> Data for review:

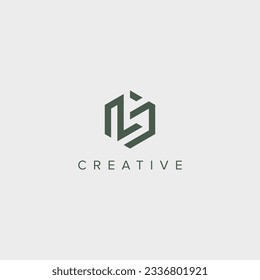 Modern unique letter LG GL logo design template - vector.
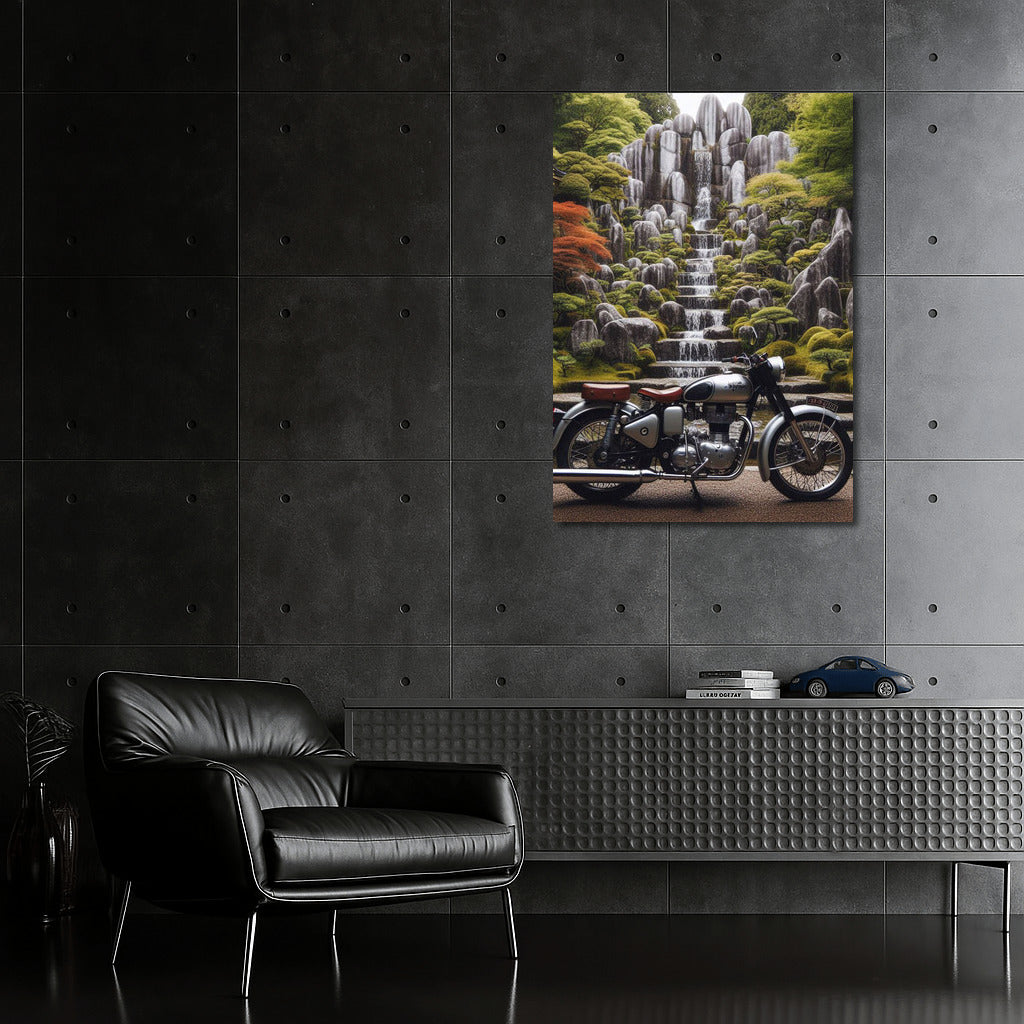 Royal Enfield: Harmony in the Rock Garden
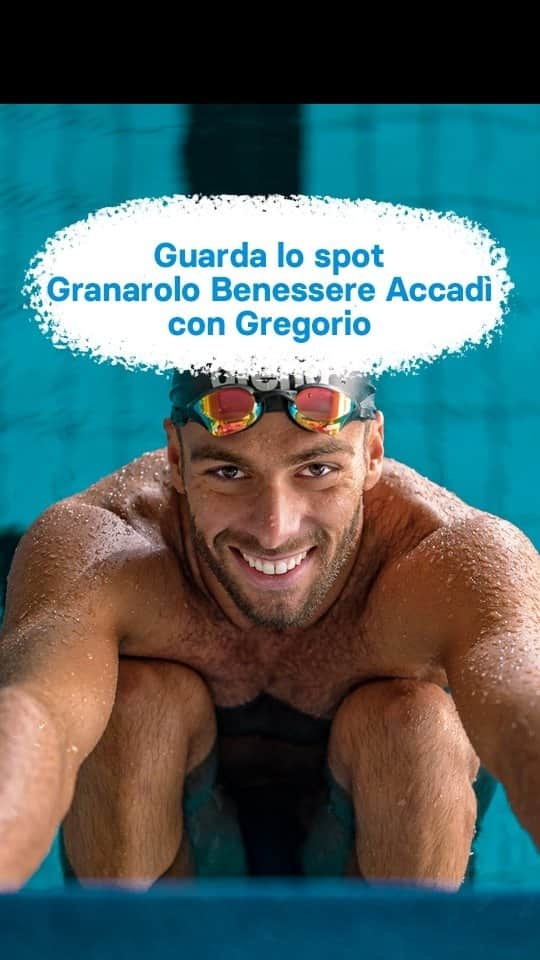 グレゴリオ・パルトリニエリのインスタグラム：「Pronti sul trampolino con @greg_palt, il nuovo testimonial dello spot Granarolo Benessere Accadì. Un tuffo alla scoperta di Granarolo Benessere e dei suoi prodotti senza lattosio!  #GranaroloBenessere #Accadì #SenzaLattosio #GregorioPaltrinieri」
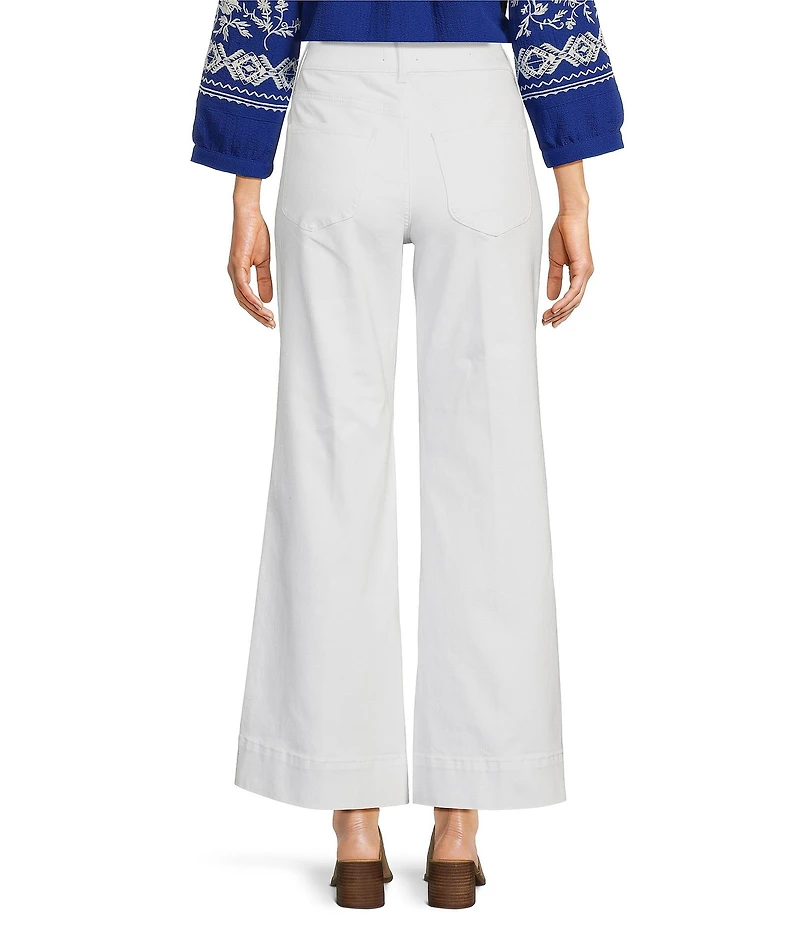 NYDJ Mia Stretch Denim High Rise Ankle Palazzo Jeans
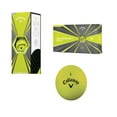 Callaway Superhot Golf Balls, Matte Yellow, 15 Pack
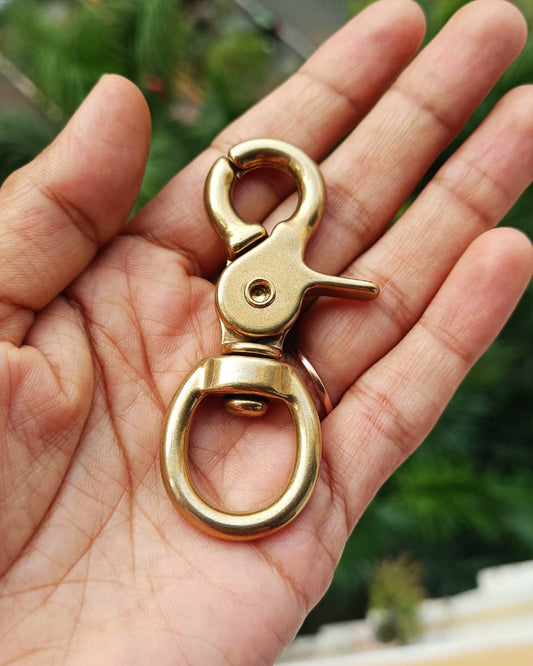 Taxila Swivel Snap Hook (Solid Brass)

> Task: What the answer must hold is the exact text of every line from the one containing "グレゴリオ・パルトリニエリのインスタグラム：「Pronti sul trampolino" through the end of the data, minus any pictures.

> Result of this task:
 グレゴリオ・パルトリニエリのインスタグラム：「Pronti sul trampolino con @greg_palt, il nuovo testimonial dello spot Granarolo Benessere Accadì. Un tuffo alla scoperta di Granarolo Benessere e dei suoi prodotti senza lattosio!  #GranaroloBenessere #Accadì #SenzaLattosio #GregorioPaltrinieri」
 NYDJ Mia Stretch Denim High Rise Ankle Palazzo Jeans
 Callaway Superhot Golf Balls, Matte Yellow, 15 Pack
 Taxila Swivel Snap Hook (Solid Brass)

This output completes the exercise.